ENTRIES SHOWN:
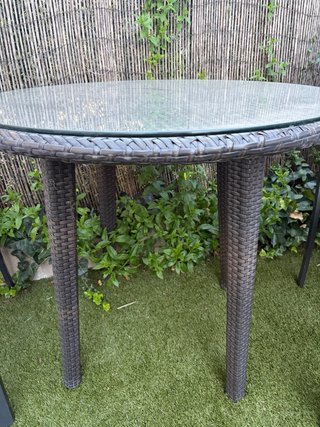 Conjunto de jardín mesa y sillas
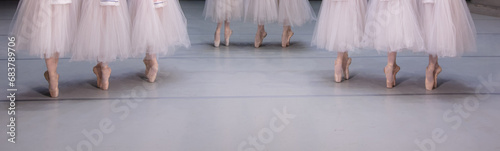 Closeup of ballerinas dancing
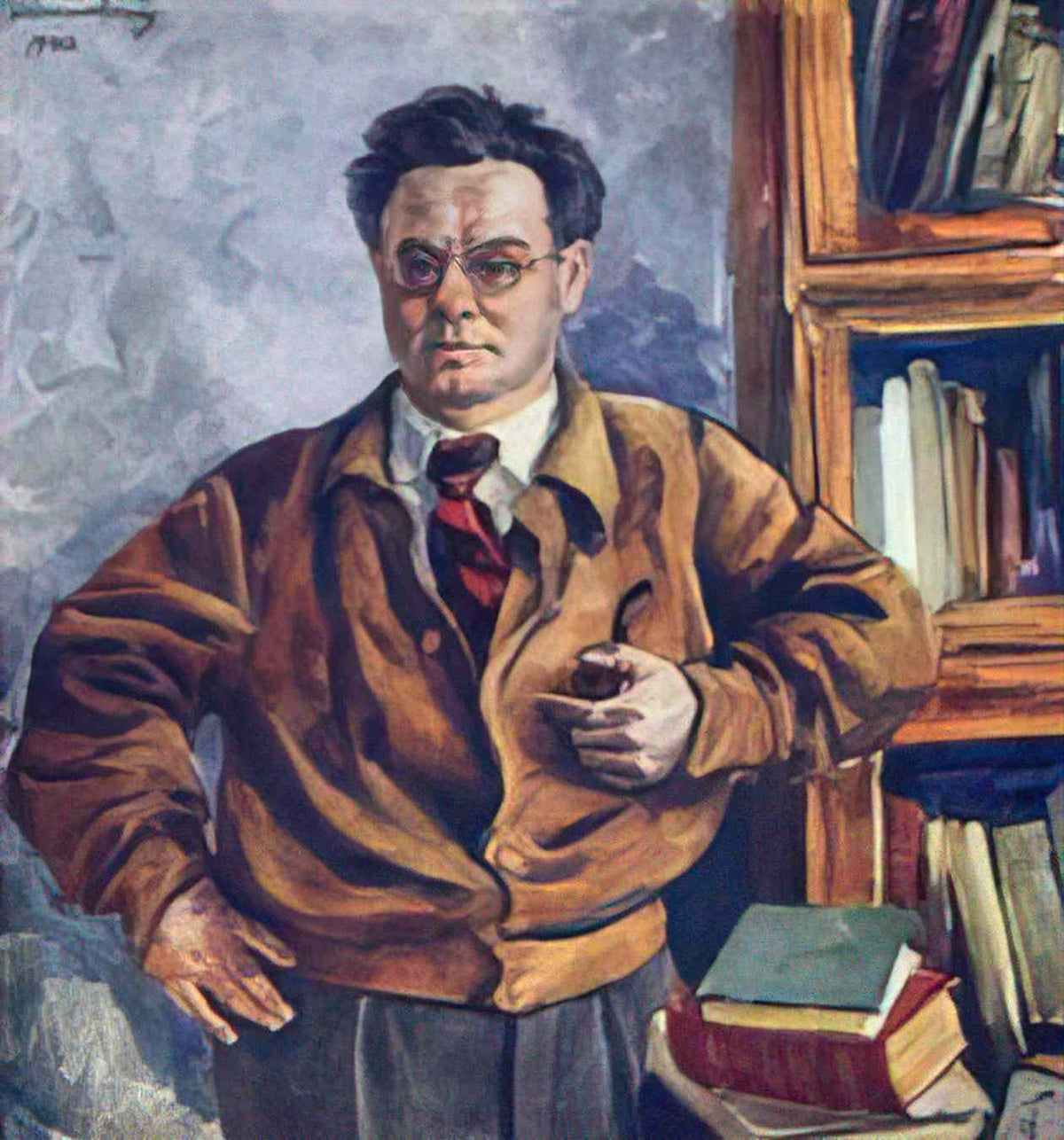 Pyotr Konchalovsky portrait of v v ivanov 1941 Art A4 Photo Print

==

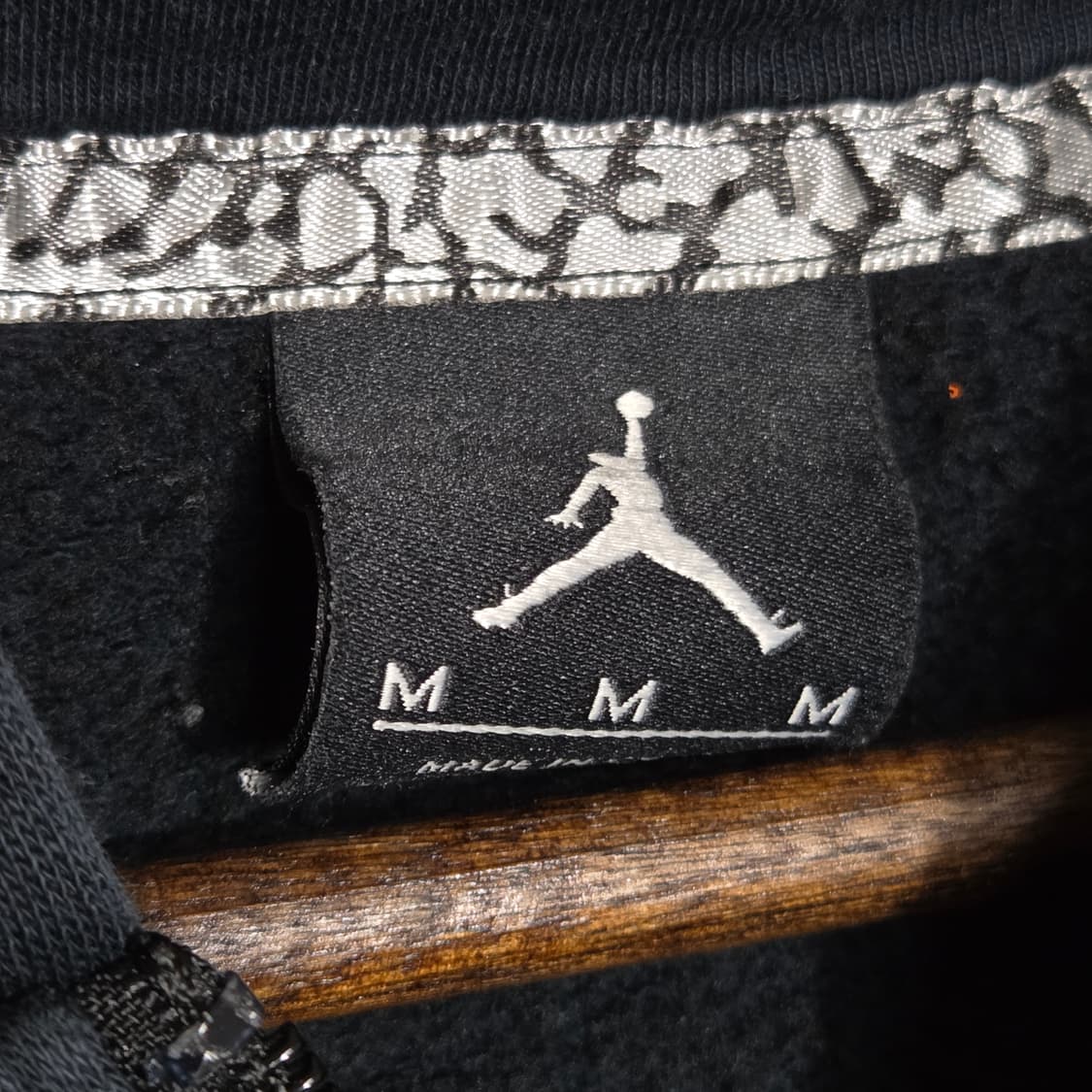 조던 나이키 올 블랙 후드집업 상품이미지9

YOUR INSTRUCTIONS: Exact copy, no pictures. Write out the lines in the entries above, starting with the line with "Closeup of ballerinas dancing" and going on through the line with "Pyotr Konchalovsky portrait", keeping both.

RESPONSE:
 Closeup of ballerinas dancing
 Pyotr Konchalovsky portrait of v v ivanov 1941 Art A4 Photo Print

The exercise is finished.